« Plus on est immergé dans la langue tchèque, plus on apprécie les petites différences régionales »
Professeur à l’Université libre de Bruxelles, Jitka Hejlová est l’une des participantes du dernier symposium méthodologique pour l’enseignement du tchèque comme langue étrangère pour les professeurs à l’étranger, qui s’est tenu du 6 au 10 juin à Prague, juste avant le lancement de l’Université d’été du tchèque à Bruxelles le 13 juin 2022. Au micro de Radio Prague International, elle explique ce qui donne envie aux étudiants bruxellois d’apprendre le tchèque, et elle fournit quelques conseils aux débutants. Mais tout d’abord, elle rappelle ce qui l’a amenée à l’enseignement du tchèque aux étrangers.
« Je travaille à Bruxelles comme enseignante de langue tchèque à l’Université libre de Bruxelles (ULB).
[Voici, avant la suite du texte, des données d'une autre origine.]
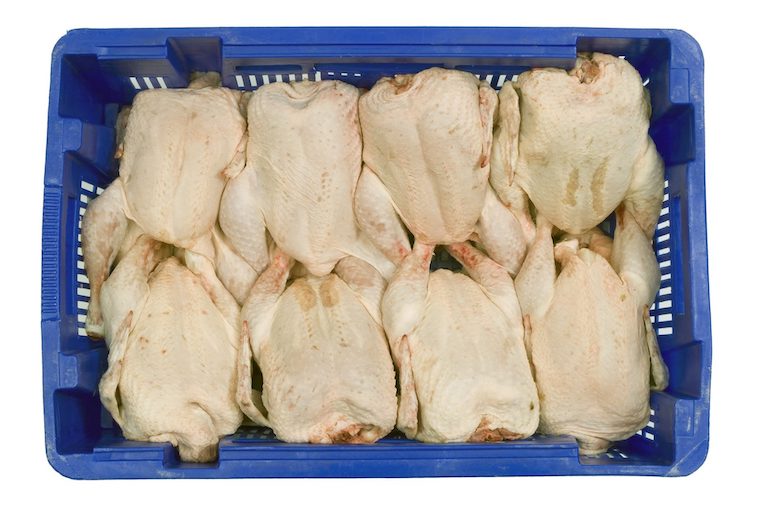 dead Chicken bodies
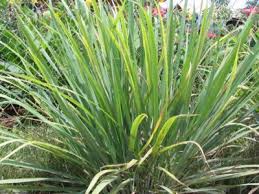 Image result for Cymbopogon citratus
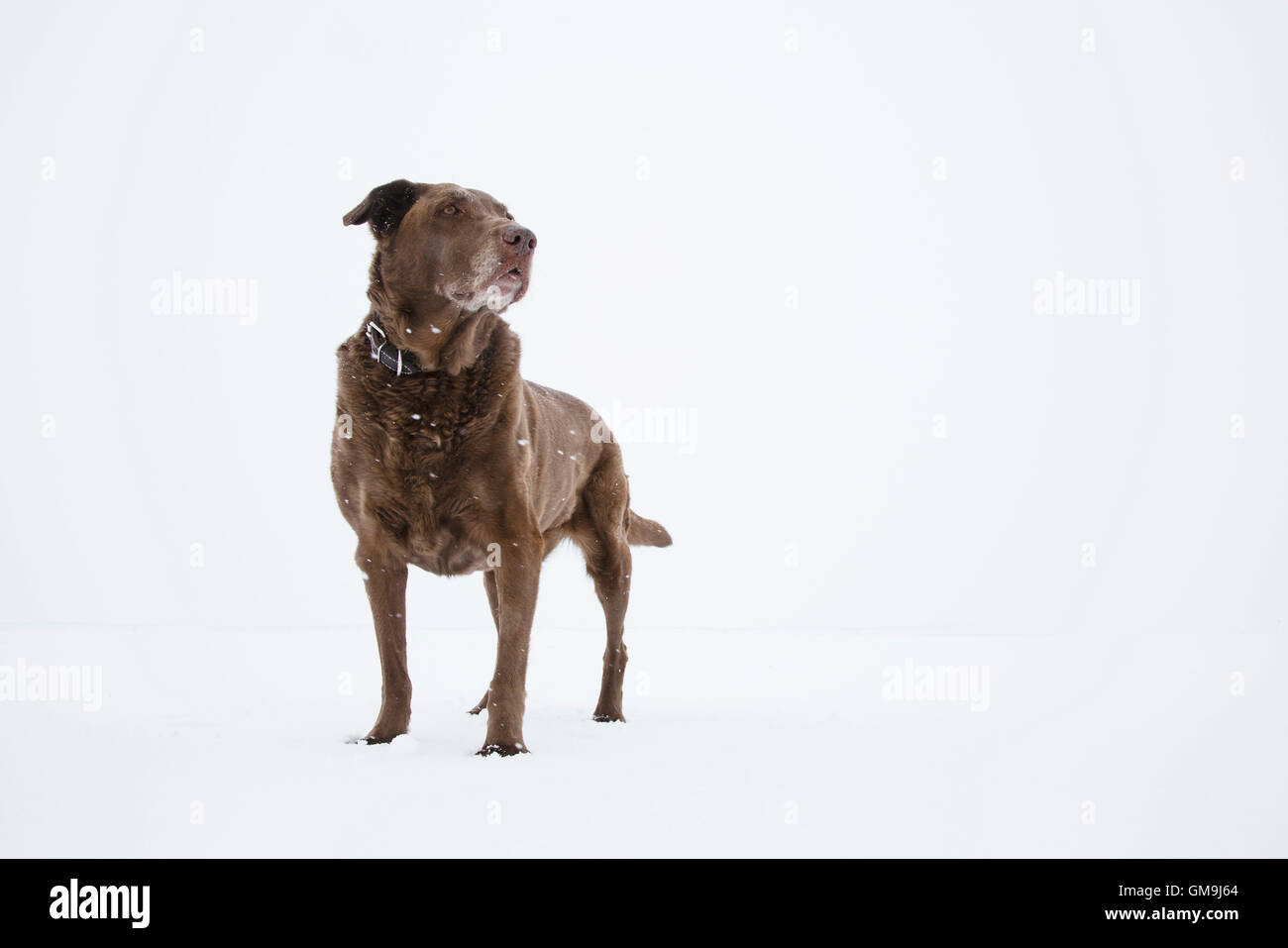 Dog standing on snow Stock Photo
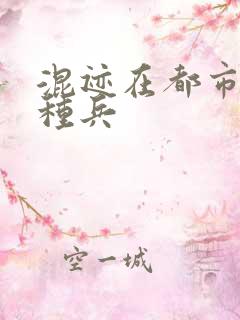 混迹在都市的特种兵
Au début j’avais envie d’étudier le français. Je suis originaire d’Ostrava, où se trouve un lycée spécialisé sur la langue française. J’ai commencé cette langue à l’âge de 13 ans. J’ai également eu l’occasion de faire plusieurs stages en France et à Bruxelles. A la fin de mes études, j’ai eu l’opportunité de postuler à ce poste à l’Université libre de Bruxelles, et c’est comme ça que j’y travaille aujourd’hui. »
D’où vient votre passion pour la langue tchèque ?
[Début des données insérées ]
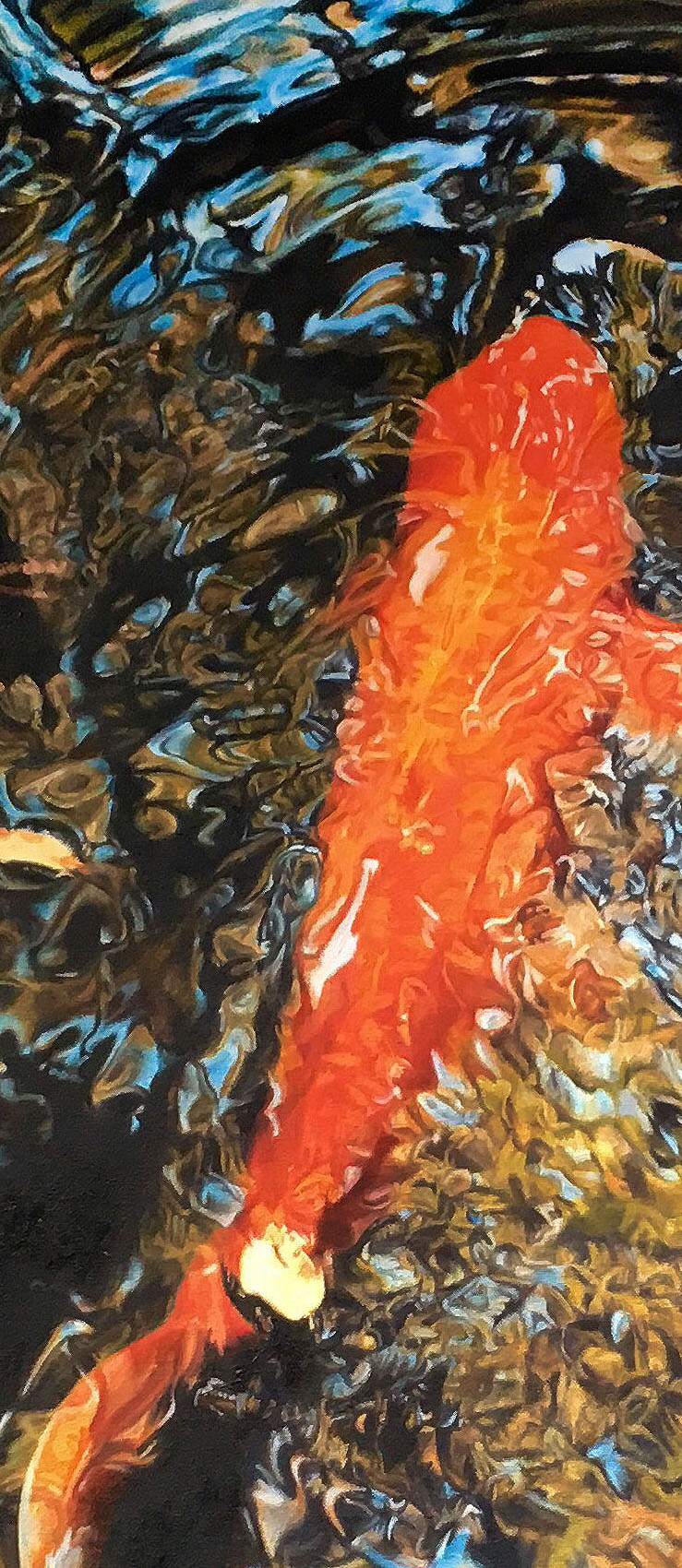 Fish Spin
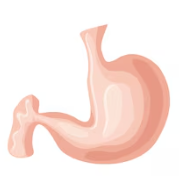 Stomach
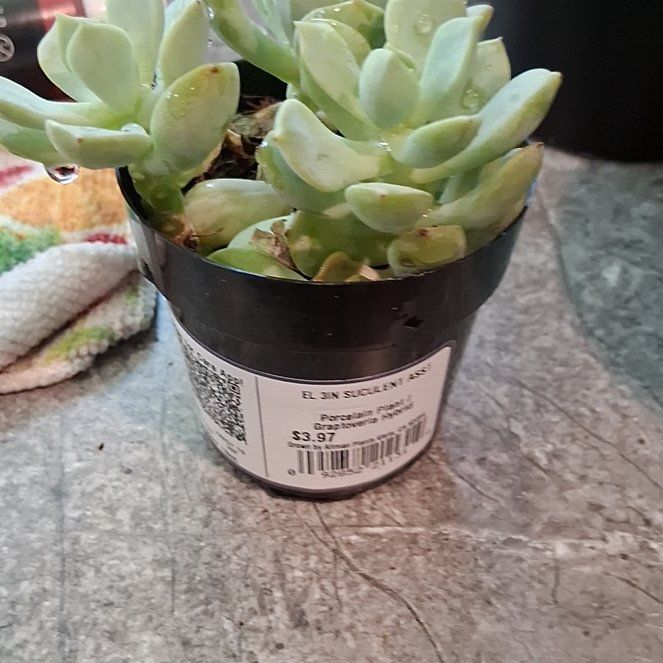 Photo of the plant species Porcelain Plant by @AmusingFuscia11 named Porcelain on Greg, the plant care app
« J’avais une passion pour la langue française, donc à l’époque où je réfléchissais à ce que je voulais étudier, j’ai cherché quelque chose que je pourrai apprendre avec le français. On m’a suggéré qu’il serait pratique que ma langue maternelle fasse partie de mon métier. J’ai commencé mes études à l’université Masaryk de Brno, où j’ai étudié la philologie de la langue française et de la langue tchèque. Je me suis ensuite spécialisée en éducation. »
Fière de la Tchéquie et de la langue tchèque
En quoi est-ce important de partager et d’enseigner le tchèque, non seulement dans le pays mais aussi à l’étranger ?
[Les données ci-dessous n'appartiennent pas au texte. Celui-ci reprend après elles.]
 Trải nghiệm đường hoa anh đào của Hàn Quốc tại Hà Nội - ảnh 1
« Je dois l’avouer, je me sens de plus en plus fière de la Tchéquie et de la langue tchèque, et j’adore les partager avec les étrangers. C’est vraiment très enrichissant de pouvoir faire découvrir notre culture, notamment à travers la langue. Une grande partie dans mon travail y est consacrée. »
Pensez-vous que le tchèque n’a que pour vocation d’être parlé en République tchèque, ou est-ce une langue que l’on peut avoir envie d’apprendre juste pour le plaisir de l’apprentissage et d’ouverture ?
« Nos étudiants étudient les langues slaves, c’est-à-dire qu’ils n’étudient pas uniquement le tchèque, mais aussi le polonais et le russe. Leurs motivations sont souvent très diverses, et parfois ils ont vraiment juste pour le plaisir d’apprendre une langue ‘exotique’. Pour moi, l’exotisme, c’est vraiment autre chose ! Mais à Bruxelles, les étudiants ont très souvent des origines différentes et parlent donc généralement leur langue maternelle, mais également le français ou le néerlandais. Souvent les langues slaves sont la ‘partie manquante’, et c’est pour cela qu’ils commencent avec le tchèque. Par la suite, ils peuvent poursuivre leur carrière sur le marché du travail de ces pays grâce aux portes que leur ouvrent ces bases slaves. »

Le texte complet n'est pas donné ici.